Le refroidissement des relations avait culminé en 2016 avec la suspension par l’Arabie saoudite d’une aide militaire de 3 milliards de dollars destinée à l’armée libanaise, une décision motivée par la domination perçue du Hezbollah sur la scène politique locale. Cependant, la guerre de l’année dernière entre Israël et le Hezbollah, qui a considérablement affaibli ce dernier, semble avoir ouvert la voie à une réévaluation de la position saoudienne.
Arrivé à Riyad le lundi soir, Joseph Aoun est devenu le premier chef d’État libanais à visiter la capitale saoudienne en huit ans.

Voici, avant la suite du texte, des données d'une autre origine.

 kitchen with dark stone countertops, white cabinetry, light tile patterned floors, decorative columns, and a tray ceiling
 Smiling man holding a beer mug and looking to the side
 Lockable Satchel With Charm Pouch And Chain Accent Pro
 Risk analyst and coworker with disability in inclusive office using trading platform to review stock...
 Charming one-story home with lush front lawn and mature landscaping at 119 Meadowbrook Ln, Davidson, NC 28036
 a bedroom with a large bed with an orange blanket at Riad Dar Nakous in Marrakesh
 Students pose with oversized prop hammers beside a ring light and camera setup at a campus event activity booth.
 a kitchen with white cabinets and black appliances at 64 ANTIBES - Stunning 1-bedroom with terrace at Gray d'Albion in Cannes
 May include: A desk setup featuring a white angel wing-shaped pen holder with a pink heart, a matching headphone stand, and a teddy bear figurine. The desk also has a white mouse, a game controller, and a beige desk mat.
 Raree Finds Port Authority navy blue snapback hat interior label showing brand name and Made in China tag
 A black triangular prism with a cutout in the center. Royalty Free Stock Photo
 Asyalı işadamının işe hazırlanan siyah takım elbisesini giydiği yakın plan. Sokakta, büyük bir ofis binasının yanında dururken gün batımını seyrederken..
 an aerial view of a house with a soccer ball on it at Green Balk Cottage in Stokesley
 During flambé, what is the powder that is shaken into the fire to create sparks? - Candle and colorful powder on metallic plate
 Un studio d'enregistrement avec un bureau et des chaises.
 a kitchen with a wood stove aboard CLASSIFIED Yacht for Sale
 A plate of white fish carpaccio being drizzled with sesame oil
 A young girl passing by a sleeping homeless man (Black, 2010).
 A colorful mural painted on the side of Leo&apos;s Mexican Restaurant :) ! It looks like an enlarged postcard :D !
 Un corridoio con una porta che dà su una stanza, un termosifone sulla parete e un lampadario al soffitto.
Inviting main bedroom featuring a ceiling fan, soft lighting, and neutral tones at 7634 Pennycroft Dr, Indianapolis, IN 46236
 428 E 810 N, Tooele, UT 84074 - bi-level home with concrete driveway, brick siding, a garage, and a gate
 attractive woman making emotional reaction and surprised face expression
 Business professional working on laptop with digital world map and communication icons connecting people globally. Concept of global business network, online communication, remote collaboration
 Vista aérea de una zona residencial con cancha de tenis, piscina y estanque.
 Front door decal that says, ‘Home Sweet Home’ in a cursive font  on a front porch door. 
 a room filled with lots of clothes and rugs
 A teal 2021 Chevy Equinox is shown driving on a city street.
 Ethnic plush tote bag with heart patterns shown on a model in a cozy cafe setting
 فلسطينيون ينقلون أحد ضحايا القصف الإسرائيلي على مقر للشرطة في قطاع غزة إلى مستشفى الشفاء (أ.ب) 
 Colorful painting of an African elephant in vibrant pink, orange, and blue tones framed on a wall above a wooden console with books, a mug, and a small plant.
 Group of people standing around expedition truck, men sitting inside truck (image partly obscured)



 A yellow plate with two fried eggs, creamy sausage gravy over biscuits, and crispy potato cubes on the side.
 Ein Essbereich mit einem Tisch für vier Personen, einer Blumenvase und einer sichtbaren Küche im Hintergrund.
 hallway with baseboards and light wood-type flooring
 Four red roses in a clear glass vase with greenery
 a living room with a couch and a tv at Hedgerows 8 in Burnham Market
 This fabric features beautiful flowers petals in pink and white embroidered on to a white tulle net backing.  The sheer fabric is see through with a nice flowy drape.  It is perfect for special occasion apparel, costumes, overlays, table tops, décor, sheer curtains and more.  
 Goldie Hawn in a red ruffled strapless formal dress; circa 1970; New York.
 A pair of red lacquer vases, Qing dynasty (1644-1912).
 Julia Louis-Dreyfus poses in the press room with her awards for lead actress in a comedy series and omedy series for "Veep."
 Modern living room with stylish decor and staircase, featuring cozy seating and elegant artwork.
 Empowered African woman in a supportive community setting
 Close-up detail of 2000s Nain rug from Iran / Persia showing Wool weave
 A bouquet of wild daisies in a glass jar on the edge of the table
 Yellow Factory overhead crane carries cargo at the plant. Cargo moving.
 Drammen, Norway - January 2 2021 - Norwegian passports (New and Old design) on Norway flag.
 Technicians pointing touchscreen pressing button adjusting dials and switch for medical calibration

Lors de sa rencontre avec MBS, les deux dirigeants ont affiché une volonté de coopération renforcée. Selon le communiqué officiel publié par l’agence de presse saoudienne, les deux parties ont convenu d’étudier les mesures nécessaires pour relancer les exportations libanaises vers le royaume et faciliter les déplacements des citoyens saoudiens vers le Liban. Cette annonce pourrait redonner un souffle économique au Liban, dont l’agriculture et le tourisme ont été durement touchés par les crises successives.
Au-delà des aspects économiques, les discussions ont également porté sur la situation régionale. Les deux pays ont réaffirmé la nécessité du retrait des troupes israéliennes du territoire libanais, conformément au cessez-le-feu conclu en novembre 2024. Cette position intervient alors qu’Israël maintient une présence dans une « zone tampon » au sud du Liban, malgré l’expiration du délai fixé au 18 février 2025 pour son retrait complet, selon les déclarations récentes du ministre israélien de la Défense, Israël Katz.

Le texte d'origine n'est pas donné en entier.